Zorgen over coronavirus in vluchtelingenkampen
De uit Maren-Kessel afkomstige Tineke Ceelen vraagt zich af hoe inwoners van vluchtelingenkampen zich kunnen wapenen tegen het coronavirus.
Ceelen, ex-leerlinge van het Titus Brandsma Lyceum in Oss, is sinds 2003 directeur van Stichting Vluchteling. Vanuit die functie bezoekt ze zo’n tien keer per jaar een van de vele vluchtelingenkampen over de hele wereld.
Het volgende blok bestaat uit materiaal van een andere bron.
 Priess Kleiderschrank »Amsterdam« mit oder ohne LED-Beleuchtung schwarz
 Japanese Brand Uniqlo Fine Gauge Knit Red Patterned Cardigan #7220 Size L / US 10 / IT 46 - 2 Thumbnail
Ze ziet daar altijd al barre omstandigheden, als vluchtelingen op elkaar gepropt moeten zien te overleven, zonder fatsoenlijke gezondheidszorg of drinkwater. Maar de coronacrisis doet er nog een schepje ellende bovenop, ziet Ceelen. ‘’Wij zitten hier nu op anderhalve meter afstand van elkaar. Maar hoe doe je dat als je in een vluchtelingenkamp zit, letterlijk bovenop elkaar? Hoe wil je je handen continu wassen, als je geen water en zeep hebt?’’
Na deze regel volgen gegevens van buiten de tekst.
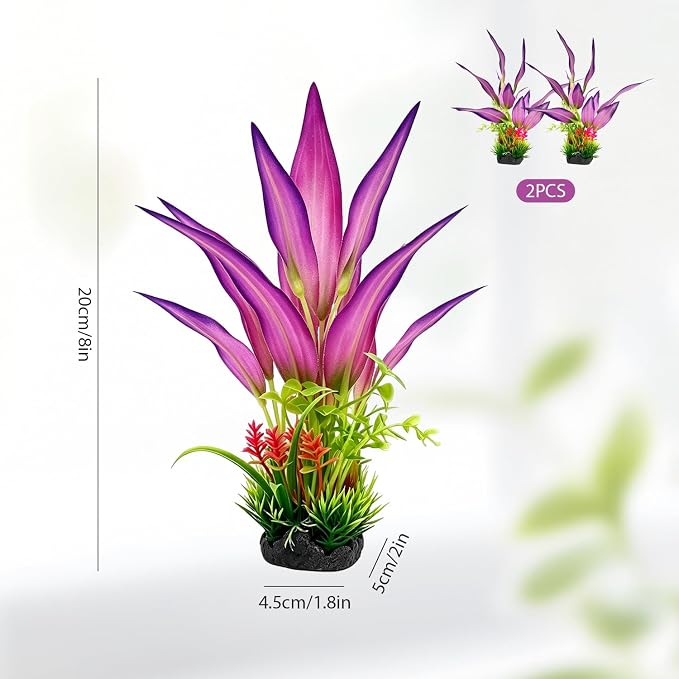 Silk Aquarium Plants 2 Pcs 8 Inches | Soft silk plants, safe for delicate fish, durable, resist fading.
Hoe wil je je handen continu wassen, als je geen water en zeep hebt?’’
Tineke Ceelen
De Maren-Kesselse was vlak voor het uitbarsten van de coronacrisis nog in Nigeria, in een kliniek in een vluchtelingenkamp die Stichting Vluchteling financiert. ‘’Ik kom in de apotheek van die kliniek, en daar staan dan drie potten met pillen en nog een doosje met verband, en dat is het dan. En dat in een kamp van vele duizenden mensen. Hoe wil je daar voldoende zorg bieden? En hoe wil je dit doen als hier straks corona losbarst?’’
Dodenherdenking
Ceelen zou eigenlijk een van de spreeksters zijn tijdens de dodenherdenking van de gemeente Oss. Zij zou vanuit haar eigen ervaringen vertellen over vrijheid en vluchtelingen. De directeur van Stichting Vluchteling komt daarom aan het woord in een speciaal programma dat Dtv op 4 mei vanaf 19 uur uitzendt over de dodenherdenking.